E lá fui eu visitar uma escola em que a diferenciação é uma vantagem.
Lenda do Boto
Fui para a comunidade do Fundo do Paracuúba, a 20 minutos de barco de Manaus, conhecer a Escola Municipal Nossa Senhora da Conceição.
Fica numa região que tem seis meses no seco, e seis meses sob as águas do rio, que transforma completamente a paisagem. As casas são de palafitas. Durante o período da cheia, são ligadas por pequenas pontes. Nesse período, o meio de transporte é a canoa ou os barcos.
Seu Joaquim, o diretor da escola, me contou brevemente sua história. Ele foi doado pela mãe para uma família, que morava na região. Frequentou a escola até a quarta série e começou a trabalhar no roçado aos 6 anos. Mais velho, foi para Manaus e trabalhou em diversos empregos (camelô, padeiro, barqueiro etc.). Uma vez, quando foi visitar a família na comunidade, uma representante da secretaria de educação pediu a ele que se transformasse em professor na escola.

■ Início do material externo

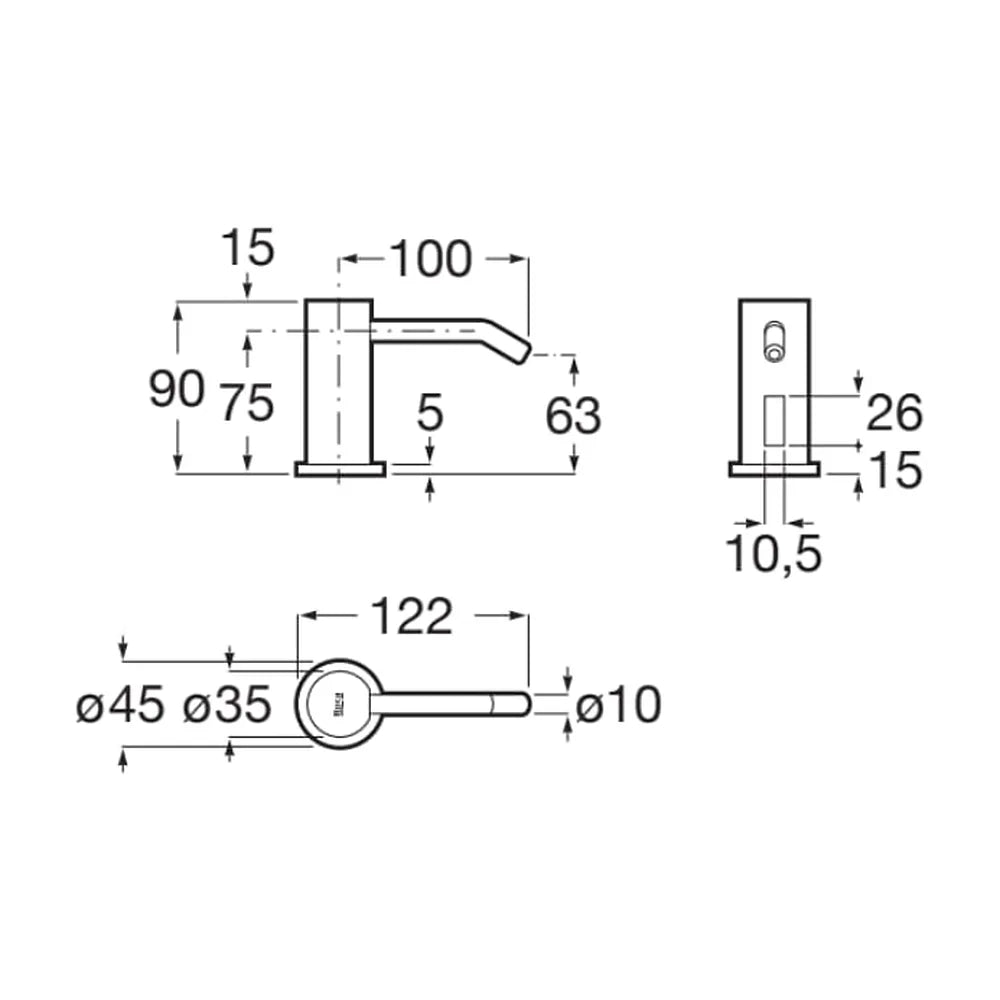 Dosificador de Metal con Sensor para Jabón O Gel a Red en Color Cromado Ona Roca - Vista 4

Ele disse que não poderia, pois só tinha estudado até a 4ª série, mas insistiram no pedido.
Como a prefeitura de Iranduba lhe oferecia a possibilidade de continuar os estudos, Seu Joaquim não conseguiu recusar a oferta. Escolas ribeirinhas normalmente têm dificuldades para contratar e manter seus professores por mais do que alguns poucos anos.
Em sua primeira aula na Escola Nossa Senhora da Conceição, havia 70 alunos, do Ensino Infantil à 4ª série, com idades entre 7 e 20 anos. Para dar conta da grande diversidade, Seu Joaquim encontrou, em um só texto, atividades para todos. O texto era uma lenda sobre o boto…

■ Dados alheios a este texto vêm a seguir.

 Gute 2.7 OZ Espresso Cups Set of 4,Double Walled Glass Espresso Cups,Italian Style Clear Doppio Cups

Geralmente contada para justificar gravidez fora do casamento, a lenda fala que o boto rosa aparece transformado em um rapaz elegantemente vestido para seduzir as mocinhas. Os mais novos desenhavam a figura do animal, enquanto os mais velhos trabalhavam na redação.
Esse tipo de aula é comum em escolas pequenas, em que não existem professores suficientes. Mas Seu Joaquim não se intimidou e foi em frente. Descobriu-se um ótimo contador de histórias. “A criança ouve, entra na imaginação”.
Quando se trata de disciplina, ele afirma: “Só com o diálogo as coisas funcionam.” Ele não admite expulsar um aluno, tem que fazer com que ele fique na escola. Ele também tem problemas mais complicados, como o uso e tráfico de drogas por alunos, mas é conversando com eles que vai resolvendo a questão. Ele já foi ameaçado de morte por traficantes da região, mas continua lá, e nem se preocupa com isso.
Seu Joaquim está lutando por melhorias na escola. Precisa de uma reforma no piso, que por causa das cheias, começa a ficar desgastado. Precisa trocar a fiação de energia, além de investir na manutenção dos equipamentos que já tem. Ele ganhou vários computadores, mas não pode usá-los. A prefeitura não manda nenhum técnico pra instalar as máquinas, que enquanto esperam pela burocracia, vão se deteriorando.
No dia em que fui conhecê-lo, havia poucos alunos nas classes?—?faltou gasolina na prefeitura de Iranduba. Para que as crianças possam ir à escola nesta época do ano, elas precisam do transporte, feito de barco. Essa é uma das maiores dificuldades das escolas de comunidades isoladas: às vezes, os alunos moram a mais de uma hora de barco da escola mais próxima.
Com as cheias, muitas escolas param de funcionar pois ficam parte debaixo d’agua. Falta investimento para fazer com que as escolas possam funcionar o ano inteiro. Mas, Seu Joaquim, com diálogo e liberdade, consegue fazer o milagre de dar aulas no ano todo. E ainda colhe resultados. Muitos dos seus alunos fizeram faculdade, e muitos se tornaram professores. A lenda do boto se perpetuará ali. Mais do que a cultura do “Sim, senhor!”, “Não, senhor!”